Unsatisfied…

The arrival of spring has created plenty of angst and gnashing of teeth here at Rental Casa de Jeff. The biggest change, of course, is that instead of staying holed up avoiding the sub-zero temperatures of the polar vortex, there’s outdoor maintenance to do. Now, I’d much rather be working in the yard than scrubbing the kitchen, but there’s a problem this year that that I haven’t dealt with before – for the last month, there hasn’t been any real indoor cleaning because pushing the vacuum or bending over with a dust pan sent near-blinding pain rocketing up my back. It’s better now than it was, but bending is still something to be avoided if at all possible. With that said, it basically means the inside of this joint is “grubby” to put it politely.

With the rain and warm weather the past two weeks, the grass and weeds are growing, the shrubbery needs cut back, and the whole yard needs a good going over to get it looking a little less like a foreclosure waiting to happen. Of course, the yard is also a victim of the same problem that plagues the inside – anything that requires me to bend more than 15 degrees off vertical is a fiesta of pain.
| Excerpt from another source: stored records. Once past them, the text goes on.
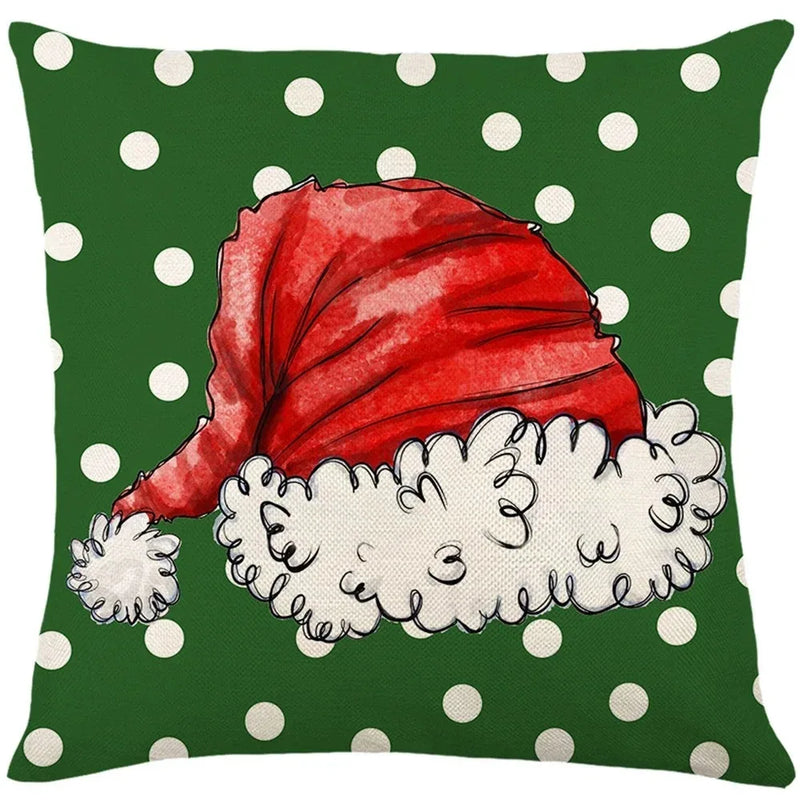 Axyaa Christmas Party Santa Dwarf Print Pillow Cover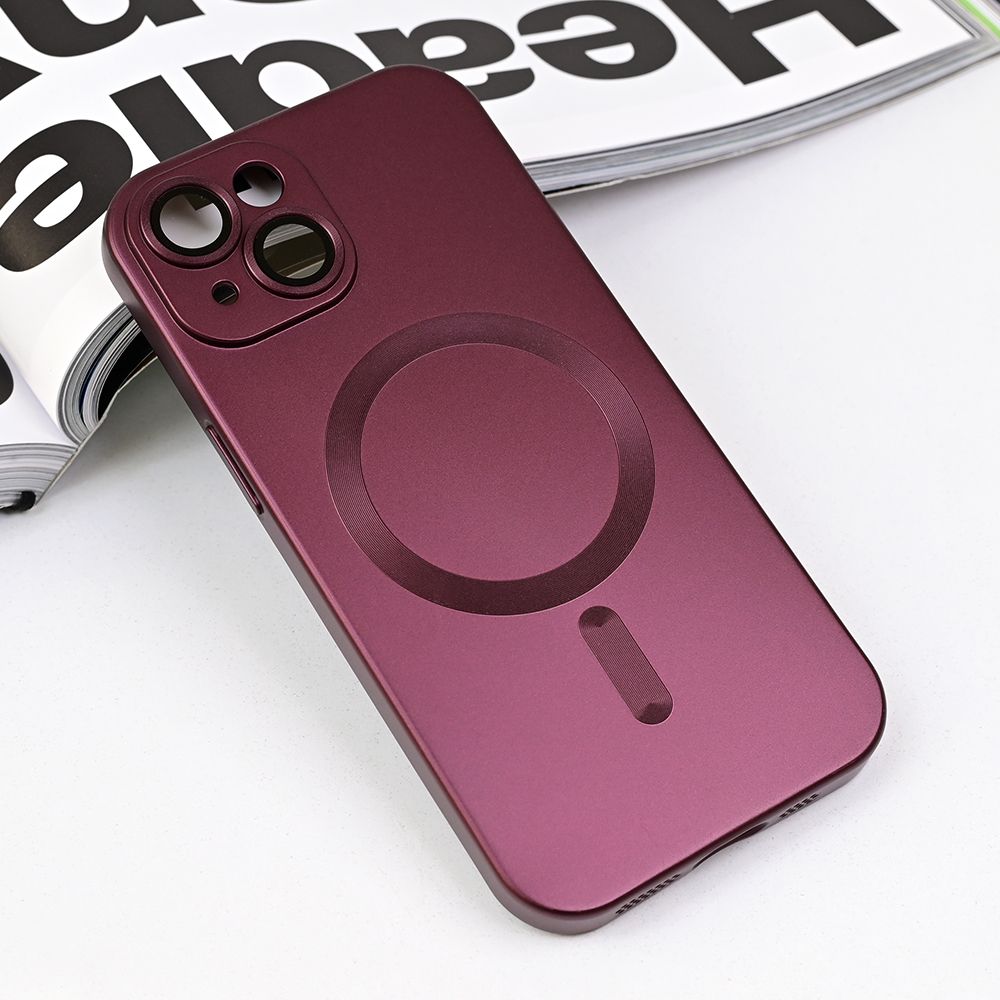 Maska za Apple iPhone 15 — Magsafe Chrome, bordo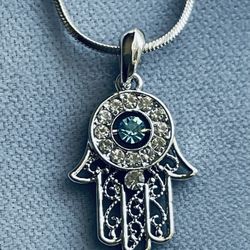 Ladies Crystal Hamsa Necklace w/Blue Crystal Center on Snake Chain *Pickup Boca Raton Or Ship Nationwide
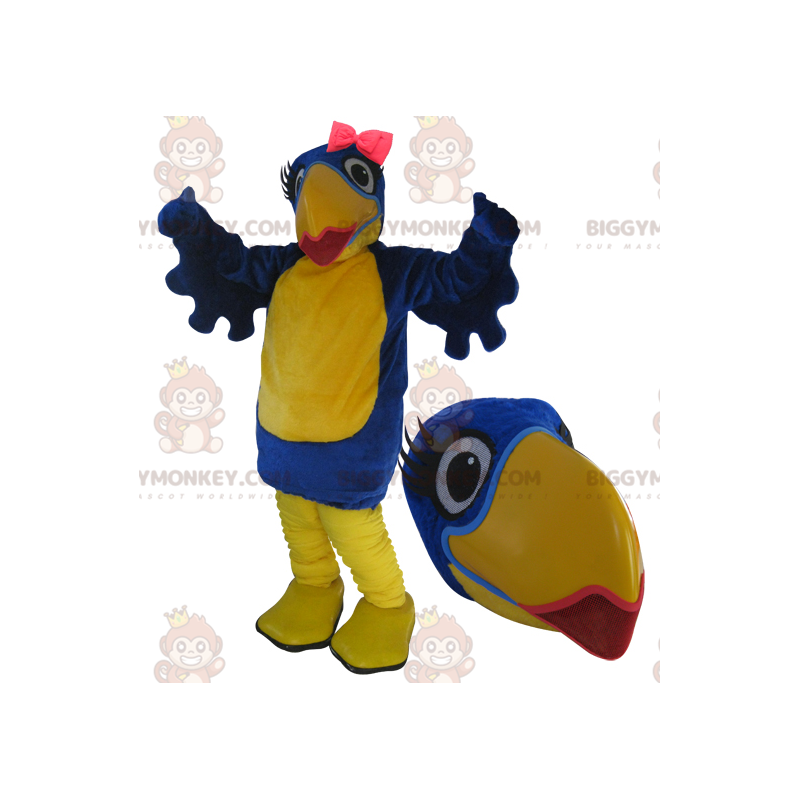 BIGGYMONKEY™ Mascottekostuum met grote blauwe en gele vogel met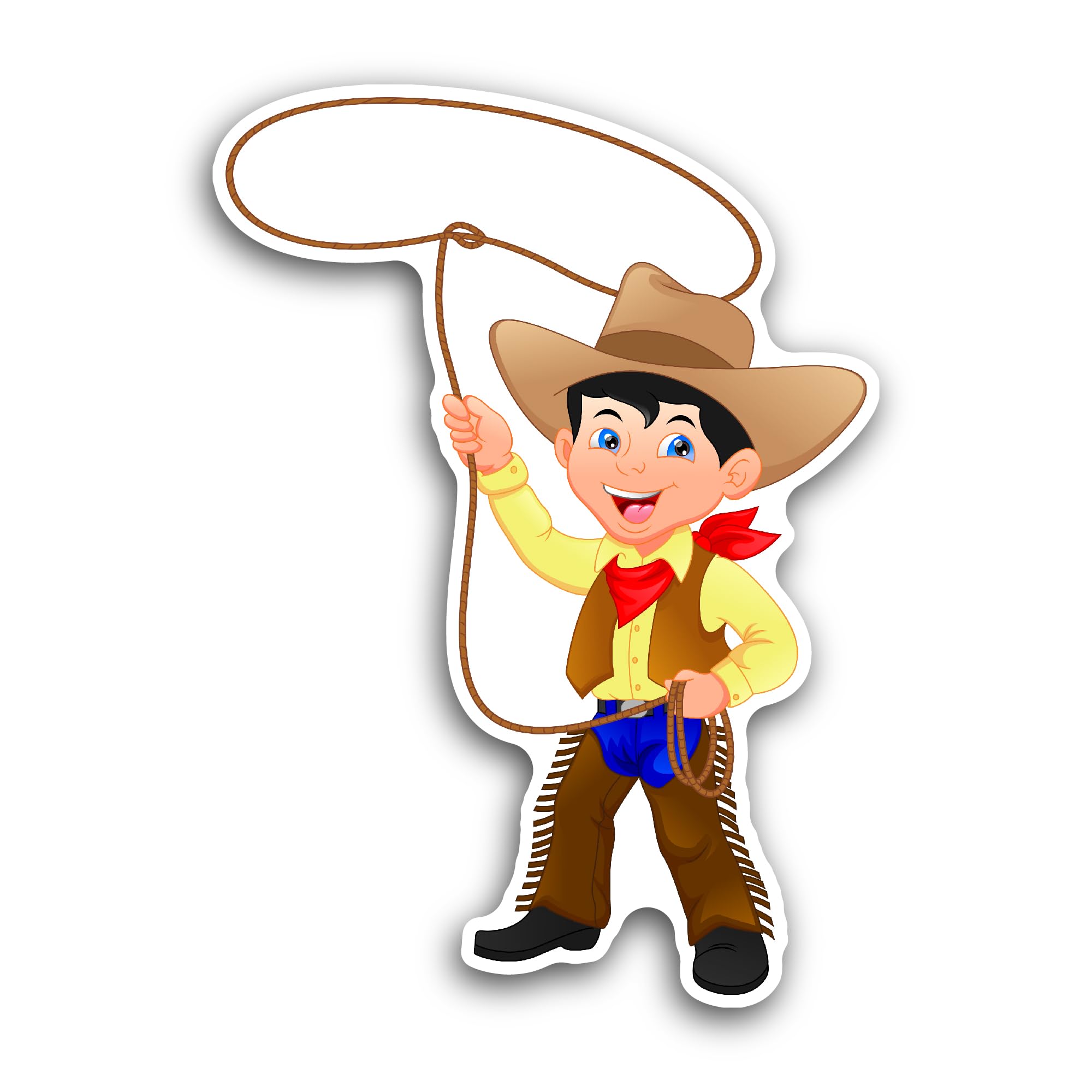 2 (Pieces) 3" and 5" Cowboy Twirling Lasso Sticker, Waterproof Vinyl Decals for Many Purpose Like Ca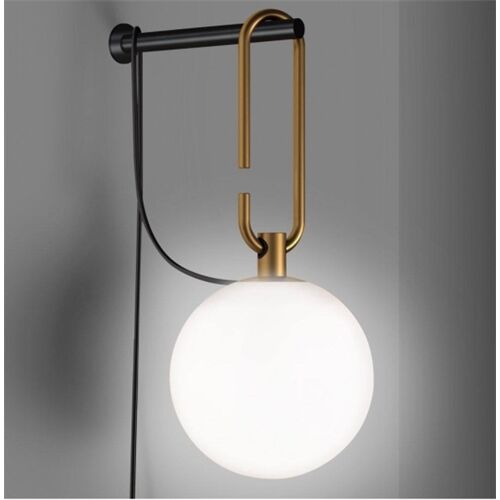 Artemide Wandleuchte -nh- Glas D=140mm Opal weiß, Ring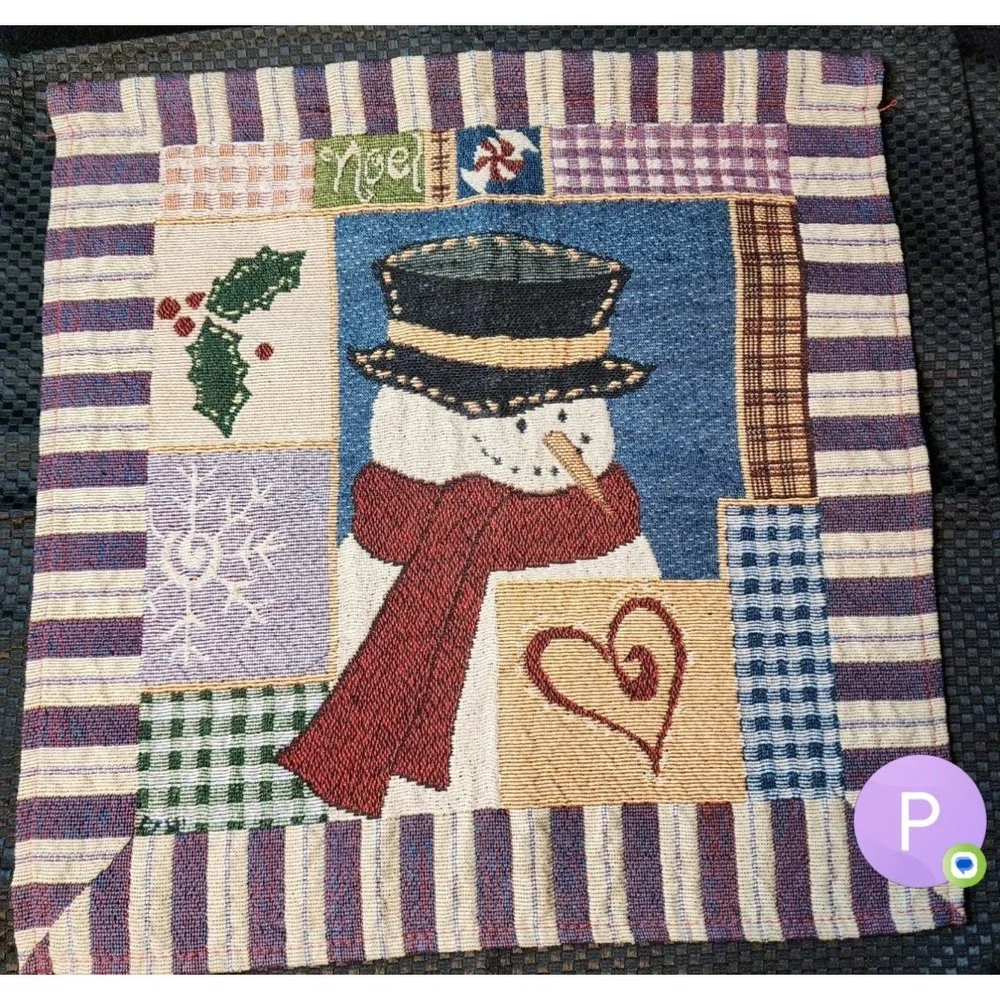 Vintage Snowman Christmas Tapestry Pillow Cover Noel Patchwork 14.5x14.5 Woven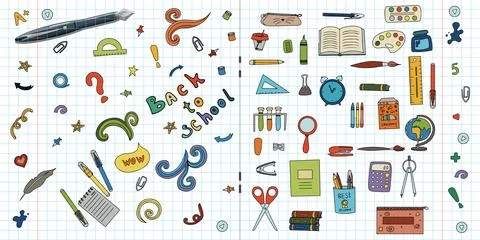 Back to school. Big vector doodle set. Stationery for school, university and Stock Illustration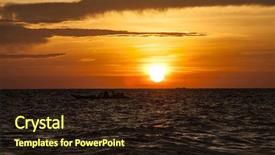  Presentation with heat - Presentation design enhanced with urban heat island - beautiful sunset on tropical beach background and a  colored foreground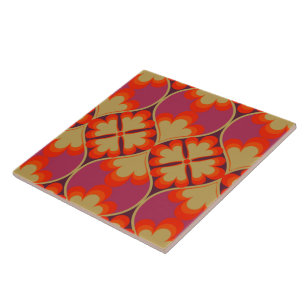 60s 70s retro pattern ceramic tile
I think the compromise is going to be getting the yard cut as best I can with the tractor and trying to hit the most unsightly bits with the weed eater this afternoon. Next week, if the weather holds, I’ll lay down a coating of suppressive fire with weed killer along all the other edges. I hate the idea of things looking less than manicured, but that seems to be the only middle ground between letting the whole damed thing go to seed and well and truly crippling myself getting to 100%. As with all manner of compromise, I find it deeply, deeply unsatisfying.

The trouble with compromise…

I’ve been told from time to time that I have a tendency towards being an uncompromising bastard. I’m fairly sure that wasn’t meant as a compliment at the time. It occurs to me, though, that we spend an inordinate amount of time looking for the win-win solution. At best, most people accept a win-lose proposition where at least one person gives up some part of what they were trying to achieve. More often, we tend to settle into the lose-lose option where everyone walks away equally dissatisfied with the result.

It seems to me that life is too damned short for half measures. When’s the last time you remember anything great happening because someone settled for “enough”? If you said “never,” you’re on the right track.

Maybe that does make me uncompromising. I think I’ll find a way to live with it.

What they don’t teach at business school…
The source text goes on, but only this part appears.